Zapotocky: Es besteht offenbar Handlungsbedarf bei der Auslegung des Gesetzes.

STANDARD: Welcher?

"Klärungsbedarf"

Zapotocky: Die Frage, wann ein so genannter passiver Kontrollwechsel nach Rückzug eines Großaktionärs erfolgt, ist offenbar klärungsbedürftig. Es scheinen Ermessensspielräume wie im Fall der Böhler nach dem Rückzug der ÖIAG zu bestehen.

STANDARD: Was schlagen Sie vor?

Zapotocky: Ich habe in meiner Funktion nichts vorzuschlagen - ich würde mir wünschen, dass diese Ermessensspielräume eng gehalten werden. Wir brauchen rasch Klarheit. Sonst könnte ähnliches wie jetzt bei Böhler bei jedem Generationenwechsel in börsennotierten Unternehmen auftreten. Es gibt einige Unternehmen an der Börse, die sich bald vor derselben Problematik finden könnten. Möglich, dass sich herausstellt, dass die nun thematisierten Probleme in der Durchführungsverordnung liegen.

STANDARD: Was würde Ihrer Meinung nach Klarheit schaffen? Es steht auch der Vorschlag im Raum, die in bestimmten Fällen festgesetzte Schwelle von 20 Prozent im Zuge der vom Bundeskanzler selbst verordneten Reform des übernahmerechtes zu „überdenken“.

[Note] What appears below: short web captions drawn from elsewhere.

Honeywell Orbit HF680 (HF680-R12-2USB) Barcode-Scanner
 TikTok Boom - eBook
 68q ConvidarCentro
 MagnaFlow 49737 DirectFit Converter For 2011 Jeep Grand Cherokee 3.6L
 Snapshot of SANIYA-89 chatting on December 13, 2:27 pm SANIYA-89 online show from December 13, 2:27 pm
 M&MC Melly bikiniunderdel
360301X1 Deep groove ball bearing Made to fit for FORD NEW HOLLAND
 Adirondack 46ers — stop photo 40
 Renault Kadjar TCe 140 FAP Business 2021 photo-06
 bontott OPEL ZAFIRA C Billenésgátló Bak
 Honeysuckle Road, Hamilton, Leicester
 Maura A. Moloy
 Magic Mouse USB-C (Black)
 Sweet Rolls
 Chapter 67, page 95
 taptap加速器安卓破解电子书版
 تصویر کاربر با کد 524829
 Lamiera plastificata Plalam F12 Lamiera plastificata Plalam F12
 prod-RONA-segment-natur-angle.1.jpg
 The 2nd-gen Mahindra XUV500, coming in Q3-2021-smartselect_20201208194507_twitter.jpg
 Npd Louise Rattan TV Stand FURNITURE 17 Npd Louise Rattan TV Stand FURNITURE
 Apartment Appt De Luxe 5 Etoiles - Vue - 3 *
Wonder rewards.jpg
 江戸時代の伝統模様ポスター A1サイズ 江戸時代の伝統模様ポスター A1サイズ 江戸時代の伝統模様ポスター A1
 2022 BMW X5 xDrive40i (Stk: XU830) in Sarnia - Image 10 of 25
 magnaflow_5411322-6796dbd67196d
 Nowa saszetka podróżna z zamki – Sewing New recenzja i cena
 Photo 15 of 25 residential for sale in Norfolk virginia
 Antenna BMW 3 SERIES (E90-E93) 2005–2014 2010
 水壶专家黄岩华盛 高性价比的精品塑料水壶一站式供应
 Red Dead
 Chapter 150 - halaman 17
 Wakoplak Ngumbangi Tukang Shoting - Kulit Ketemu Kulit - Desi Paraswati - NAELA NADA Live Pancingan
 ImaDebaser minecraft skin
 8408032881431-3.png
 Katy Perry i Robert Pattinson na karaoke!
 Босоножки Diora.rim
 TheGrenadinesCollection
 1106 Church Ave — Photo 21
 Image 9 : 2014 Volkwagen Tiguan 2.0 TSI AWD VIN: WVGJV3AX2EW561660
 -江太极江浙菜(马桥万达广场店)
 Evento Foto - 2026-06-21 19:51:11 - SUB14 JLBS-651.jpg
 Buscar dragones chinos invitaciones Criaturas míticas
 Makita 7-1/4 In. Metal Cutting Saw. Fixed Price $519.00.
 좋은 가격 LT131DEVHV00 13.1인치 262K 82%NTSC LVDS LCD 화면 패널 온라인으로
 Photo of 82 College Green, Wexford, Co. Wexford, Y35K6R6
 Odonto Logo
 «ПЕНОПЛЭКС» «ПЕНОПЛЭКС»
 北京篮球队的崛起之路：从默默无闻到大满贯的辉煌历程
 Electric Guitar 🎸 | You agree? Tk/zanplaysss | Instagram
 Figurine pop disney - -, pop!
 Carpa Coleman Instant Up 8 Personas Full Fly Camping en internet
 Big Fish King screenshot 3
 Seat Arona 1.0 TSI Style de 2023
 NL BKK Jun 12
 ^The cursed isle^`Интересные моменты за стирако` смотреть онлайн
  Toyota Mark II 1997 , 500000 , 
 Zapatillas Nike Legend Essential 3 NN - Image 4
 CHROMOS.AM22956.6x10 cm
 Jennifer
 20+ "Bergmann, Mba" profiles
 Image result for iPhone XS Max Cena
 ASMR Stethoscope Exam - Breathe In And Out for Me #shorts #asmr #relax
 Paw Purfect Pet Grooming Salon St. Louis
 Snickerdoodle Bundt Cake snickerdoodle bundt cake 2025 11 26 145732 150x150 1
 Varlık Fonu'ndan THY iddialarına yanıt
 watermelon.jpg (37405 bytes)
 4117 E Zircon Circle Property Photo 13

Zapotocky: Das wird die Expertenrunde im Justizministerium, die jetzt zusammengestellt wird, diskutieren müssen. Ich meine, dass eine klare generelle 30-Prozent-Grenze reicht, weil wir in Österreich Kernaktionäre brauchen und ja auch haben wollen.

STANDARD: Das räumt aber Aktionären oder Aktionärsgruppen grundsätzlich sehr dominierende Rollen ein. Erleichtert das nicht in der Folge auch kalte Übernahmen?

Zapotocky: Europa ist kein Kontinent des totalen Streubesitzes wie die USA. Wir brauchen starke Kernaktionäre für Privatisierungen, das muss möglich sein. Unsere Aktienkultur ist nun einmal nicht so, dass der größte Aktionär fünf Prozent hält. Gerade in Österreich, wo die Investitionslandschaft wesentlich von großen Familien und Familienunternehmen geprägt ist, brauchen wir Kernaktionäre, sonst funktioniert der Markt nicht.

STANDARD: Es ist doch aber hinterfragenswert, ob ein Kontrollwechsel so wie derzeit via Anwesenheit der Stimmrechte bei der Hauptversammlung festzustellen ist.

 Zapotocky: Damit werden sich die Experten im Justizministerium vermutlich auch auseinander setzen.

 

Zur Person

Stefan Zapotocky ist seit 2000 Vorstand der Wiener Börse AG, kürzlich wurde sein Vertrag bis 2008 verlängert.